Some definitions seemed incomplete. For instance, I was not entirely single: before leaving Paris I had married a Jewish-born actress, so as to give her the security of my name. As far as I knew, she was now safe and in Cannes. At the same time, I was not a married man. The marriage was an incident, gradually being rubbed out in the long perspective I’ve described. So I saw it; so I would insist. You have to remember the period, and France occupied, to imagine how one could think and behave. We always say this – “Think of the times we had to live in” – when the past is dragged forward, all the life gone out of it, and left unbreathing at our feet.

Instead of sending me off to freeze on a parade ground, the Free French kept me in London. I took it to mean they wanted to school me in sabotage work and drop me into France. I did not know special parachute training might be needed. I thought you held your breath and jumped.

Two months later I lay in a hospital ward with a broken nose, broken left arm, and fractures in both legs. They had been trying to teach me to ride a motorbike, and on my first time out I skidded into a wall. The instructor came and sat by my bedside. He was about twice my age, a former policeman from Rouen. He said the Free French weren’t quite casting me
off, but some of them wondered if I was meant for a fighting force in exile. I was a cerebral type, who needed the peace of an office job, with no equipment to smash – not even a typewriter. I asked if General de Gaulle had been informed about my accident.

“Is he a friend of yours?” said the instructor.

“I’ve seen him,” I said. “I saw him in Canton Gardens. He came out the door and down some steps, and got into his car. I was carrying a lot of parcels, so I couldn’t salute. I don’t think he noticed. I hope not.”

There was a silence, during which the instructor stared at his watch. Presently, he inquired what I wanted to do with my life.

“I think I am a poet,” I said. “I can’t be sure.”

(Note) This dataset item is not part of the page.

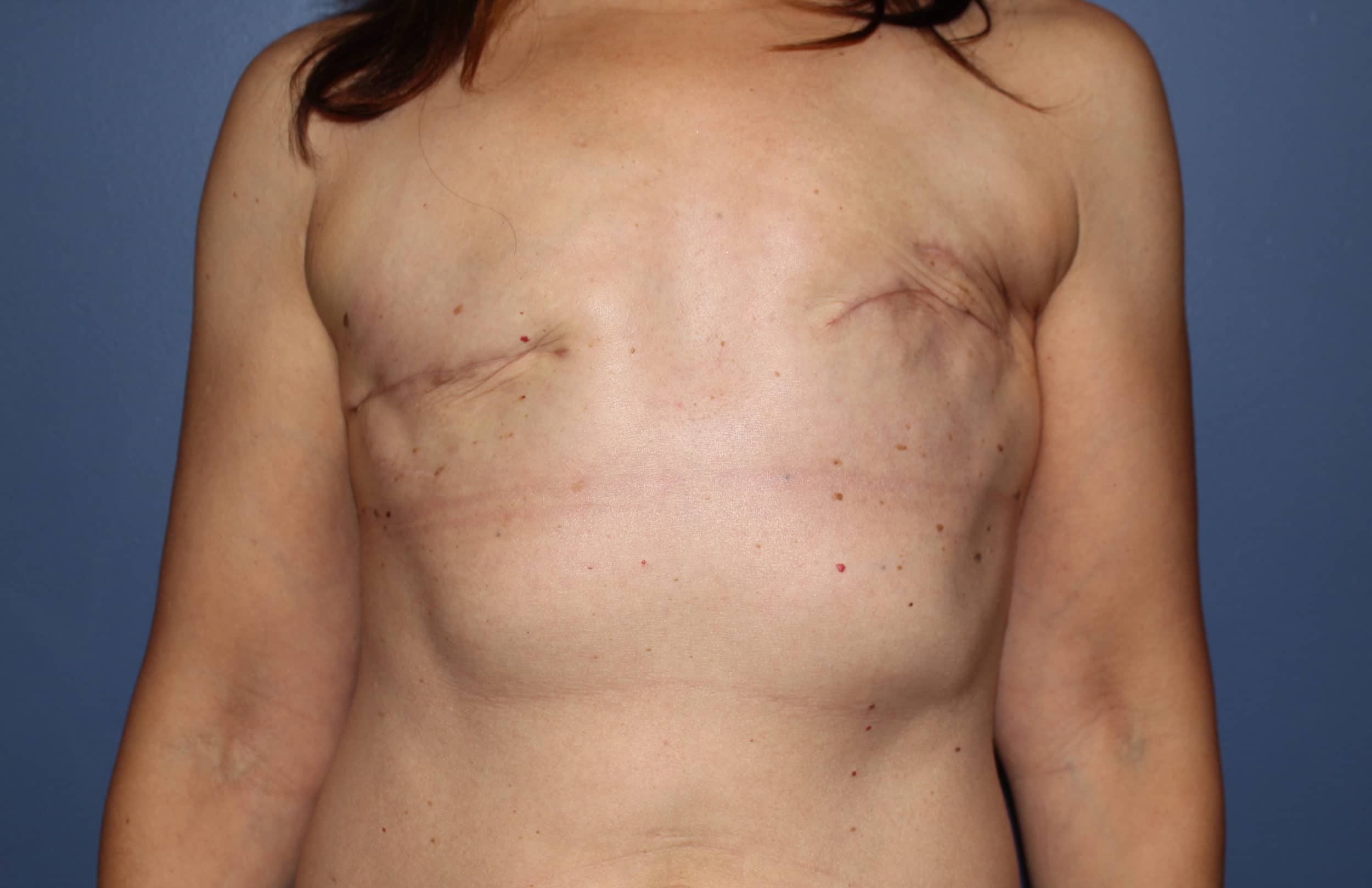 Going Flat After Mastectomy in Boston, MA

After that they sent me a regular hospital visitor, a volunteer. Juliette was her name. She was seventeen, from Bordeaux, the daughter of a colonel who had followed de Gaulle to London. She had a precise, particular way of speaking, with every syllable given full value and the consonants treated like little stones. It was not the native accent of Bordeaux, which anyone can imitate, or the everyday French of Paris I’d grown up with, but the tone, almost undefinable, of the French Protestant upper class. I had not heard it before, not consciously, and for the moment had no means of placing it. I thought she had picked up an affectation of some sort while learning English and had carried it over to French. She had, besides, the habit of thrusting into French conversation brief, joyous, and usually irrelevant remarks in English: “You don’t say!” “Oh, what a shame!” “How glad I am for you!” “How gorgeous!”